Ca Giok tergetar dan tertegun beberapa saat. Kemudian ia menjurah, “Terima kasih, cianpwe.” ia terus mengikuti dibelakang Ih Thian-heng, melanjutkan langkah.

Barisan dara2 telanjang itu walaupun tak berapa menyeramkan tetapi jalanan yang harus ditempuh, melingkar lingkar dan berbiluk-biluk. Langkah kaki orang2 itu makin sarat. Sampai sekian lama belum juga mereka keluar dari barisan itu. Sepanjang hidup, belum pernah mereka menempuh suatu perjalanan seberat itu.

Tiba2 Ih Thian heng membentak keras lalu menyanyi dengan suara nyaring. Lagunya lagu bersemangat dan keras, seperti palu besi menghantam batu. Seketika tergugahlah semangat sekalian orang. Merekapun lalu tegakkan kepala, busungkan dada melangkah kearah jalan yang dirintis Ih Thian-heng.

“Seumur hidup aku tak pernah mengagumi orang. Tetapi hari ini aku harus memberi hormat kepadamu karena belum pernah aku bertemu dengan orang seperti engkau,” seru Pengemis-sakti Cong To kepada Ih Thian heng.

Ih Thian heng tak menyahut melainkan tetap menyanyi dan tersenyum. Tak berapa lama mereka pun dapat melintasi barisan itu.
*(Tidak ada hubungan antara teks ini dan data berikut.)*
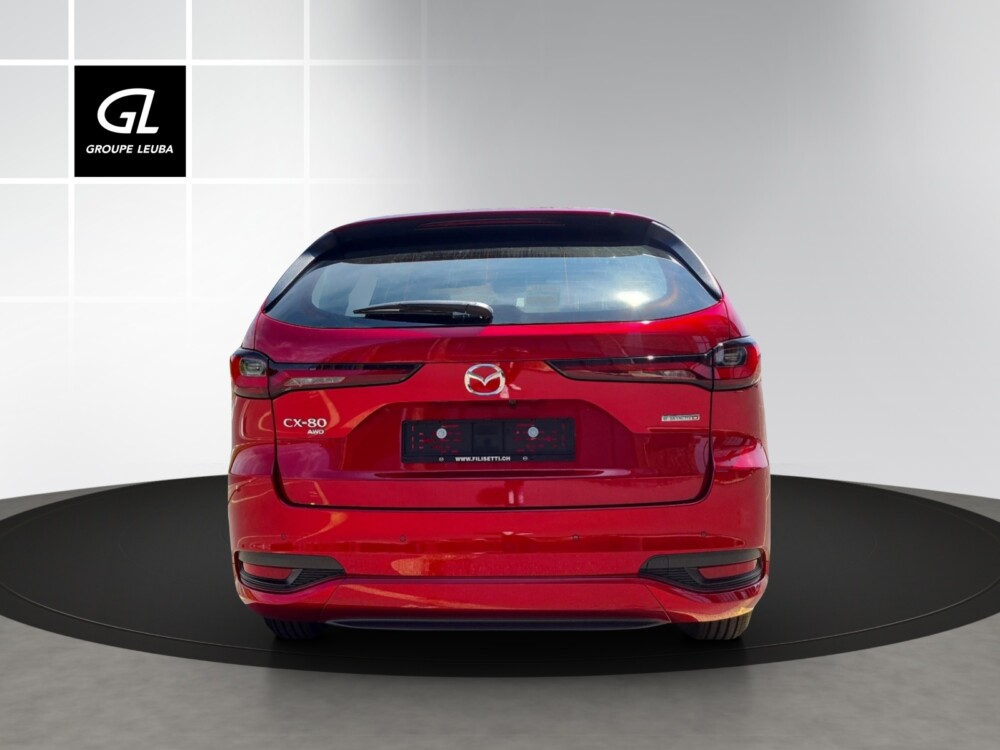 Image MAZDA CX-80 CX-80 e-Skyactiv D254 MHEV AWD Homura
“Sungguh berbahaya….”Ca Cu jing menengadah dan menghela napas
pangjang.

Wajah Ih Thian-heng berobah serius, serunya, “Barisan paras cantik, walaupun Kita sudah berhasil melintasi tetapi masih ada sebuah rintangan yang tak kurang hebatnya yalah Harta. Mungkin godaan ini jauh lebih hebat dari paras cantik. Peribahasa mengatakan, “Semut mati di gula, manusia mati di harta. Harap saudara2 ingat hal itu.”

Rombongan Ih Thian-heng melanjutkan perjalanan kemuka. Setelah membiluk sebuah tikungan, tiba2 disebelah muka tampak terang. Sederet lentera istana, bergelantungan tinggi diatas lorong terowongan. Cahayanya terang benderang seperti hari pagi. Papan batu yang menonjol dari kedua tepi lorong terowongan itu, penuh bertabur batu2 permata yang berkilau-kilauan cahayanya.
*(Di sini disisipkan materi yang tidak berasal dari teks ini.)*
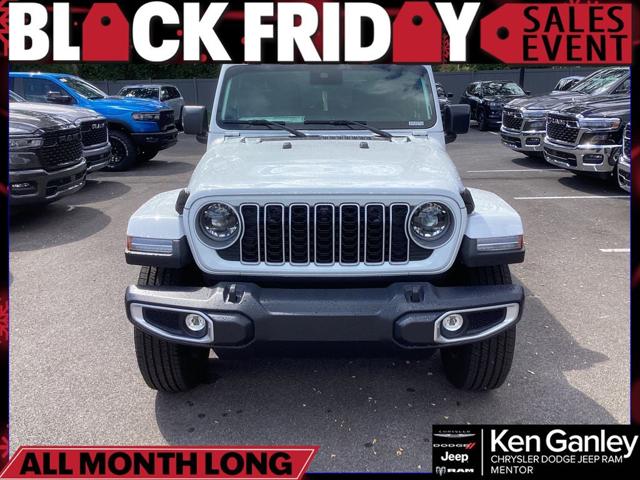 2025 Jeep Wrangler WRANGLER 4-DOOR SAHARA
Makin berjalan mendekati, makin hebat perhiasan yang menantang. Semua terdiri dan benda2 berharga yang jarang terlihat manusia. Setiap macam benda, cukup untuk menimbulkan rangsang keinginan orang.

Tak henti-hentinya Ih Thian -heng menghambur pujian, ujarnya, “Benar2 sebuah istana permata yang hebat. Walaupun istana raja belum tentu dapat menandingi tempat ini.”

Nyo Bun-gian memberi sambutan, “Ah, intan permata, zamrud ratna mutu manikam yang jarang terdapat diduma! Selama berpuluh-puluh tahun telah mengumpulkan barang2 permata. Dimana terdapat permata yang aneh, tentu kubeli tanpa kuhiraukan harganya. Semula kukira kumpulan benda2 permata yang berada di rumahku itu sudah paling banyak dan lengkap. Tetapi apa yang kulihat saat ini, benar? menghapus kebangaanku itu. Seperti langit dengan bumi atau bukit dengan gunung bedanya….”

Tiba2 ia hentikan kata-katanya dan melangkah maju, lari melampaui Ih Thian-neng, terus menyelinap masuk kedalam sebuah ruang besar.

Didalam ruang besar yang diterangi dengan lampu dan lilin itu, penuh bertumpukan benda2 kuno dan zamrud permata yang tak ternilai indahnva.

Tiba2 terdengar suara orang berseru kaget, “Hai, Tenggoret-kumala dan Kupu2 Emas….!”

Sekalian orang terbeliak, mengangkat muka. Tampak diatas meja yang dibuat dalam bentuk istimewa, terdapat kedua benda pusaka yang menggemparkan dunia persilatan itu.

Tenggoret Kumala, putih seperti salju, berbuat dari batu kumala yang bening dan cemerlang. Sepasang matanya sebesar kedele berwarna merah bercahaya seperti benar2 hidup.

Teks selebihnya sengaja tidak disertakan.